Jubilee bunting in North Tyneside

North Tyneside celebrated the Queen’s platinum jubilee in style, with more than 140 street parties, library events, floral displays, and a spectacular beacon lighting event. 

The festivities were in honour of Queen Elizabeth II’s 70 years on the throne, as she became the first British Monarch to celebrate a Platinum Jubilee.

Residents organised their own street parties and enjoyed a right Royal knees up in Benton, Camperdown, Cullercoats, Dudley, Howdon, Killingworth, Longbenton, Monkseaton, North Shields, Shiremoor, Wallsend, Whitley Bay, and Wideopen and more.

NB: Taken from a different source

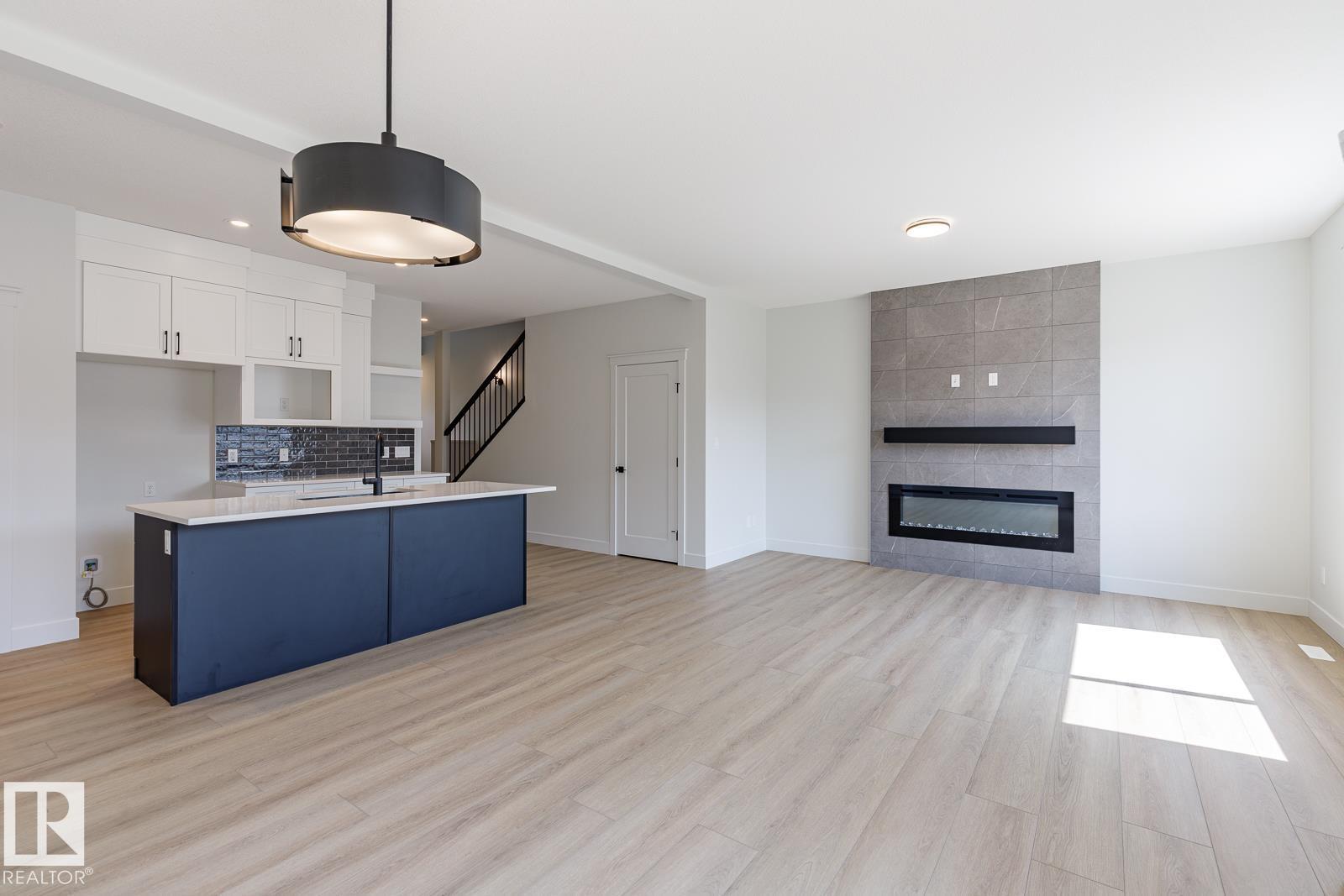 15679 18 Av Sw, Edmonton, Alberta  T6W 5E1 - Photo 10 - E4457000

North Tyneside libraries invited people to take part in a range of activities including family picnics, art and craft sessions, and to enjoy Royal-themed reading selections throughout the end of May and into June.

Special Jubilee planters also added a splash of colour to 12 locations from Dudley to West Moor, and Wallsend to Whitley Bay.

The planters were being assembled in time for the four-day Bank Holiday weekend, each one adorned on two sides with the council crest and on the other two with the Queen’s white on purple Jubilee logo.

The planters are in the following locations:

  • Dudley Crossroads
  • Entrance to Annitsford Drive
  • West Moor Shops
  • The Boulevard in Longbenton
  • Wallsend Town Centre outside the Forum
  • Wallsend, outside Richardson Dees Park
  • North Shields Town Centre 
  • Tynemouth Front Street
  • Whitley Bay Town Centre 
  • Monkseaton Front Street

St Mary’s Lighthouse was lit in a regal shade of purple to coincide with the main event; a spectacular beacon lighting ceremony on Thursday 2 June at Segedunum Roman Fort and Museum.

The event, which kicked off at 6.30pm, included a family-focussed programme of entertainment by SALTo Arts Productions, as well as food vendors and market stalls, pipers and buglers, a firework display and a giant screen beaming out images from other ceremonies across Britain and the Commonwealth, and from seven decades of The Queen's reign.

The 101st Regiment Royal Artillery fired a 105mm gun to announce the start and end of the formal proceedings. Seven beacons including a huge steel brazier standing four meters high, manufactured by local company Smulders, was lit at 10pm, in keeping with beacon lighting events along the 73 mile length of Hadrian’s Wall.